[Start of section]

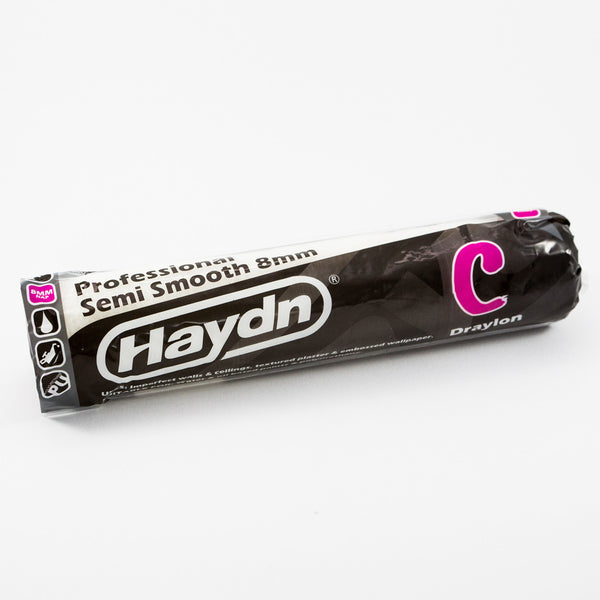 Haydn Paint Roller Sleeve Semi Smooth 270mm 8mm Nap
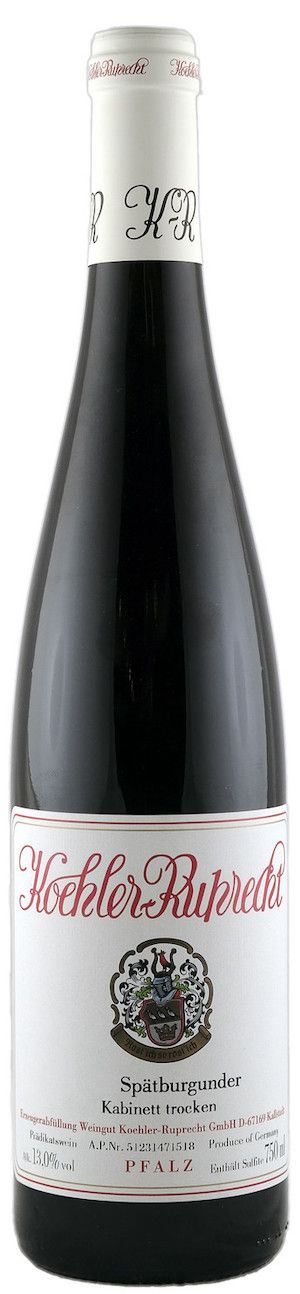 Koehler-Ruprecht Pinot Noir Kabinett
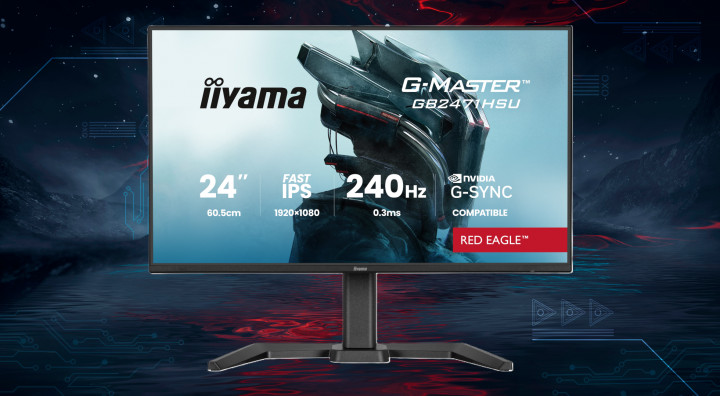 iiyama g-master GB2471HSU-B1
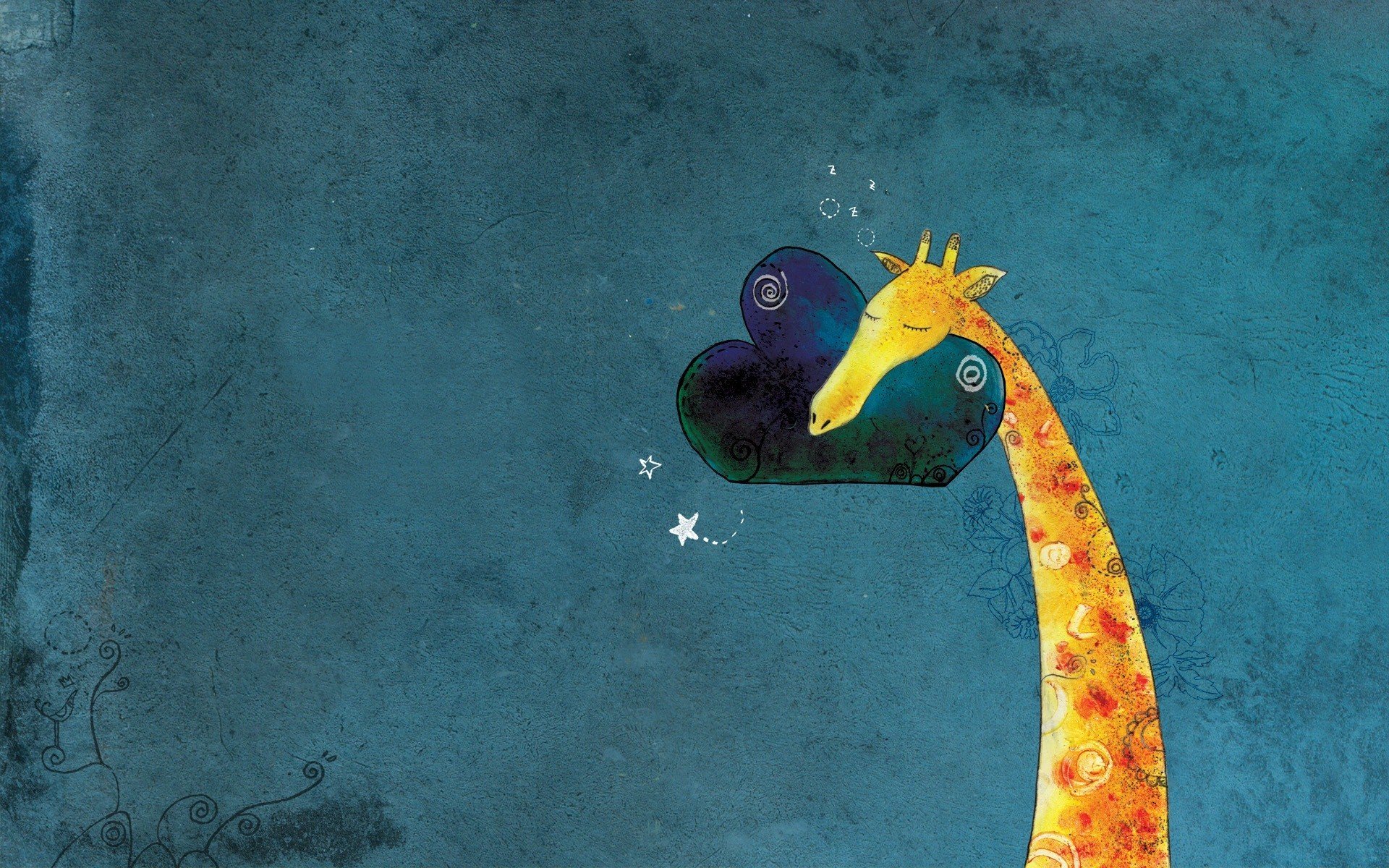 炫酷,手绘,设计,2月27日,儿童桌面专用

[End of section]

Any picture in the data is to be skipped, while each line is returned exactly as written.

 Haydn Paint Roller Sleeve Semi Smooth 270mm 8mm Nap
 Koehler-Ruprecht Pinot Noir Kabinett
 iiyama g-master GB2471HSU-B1
 炫酷,手绘,设计,2月27日,儿童桌面专用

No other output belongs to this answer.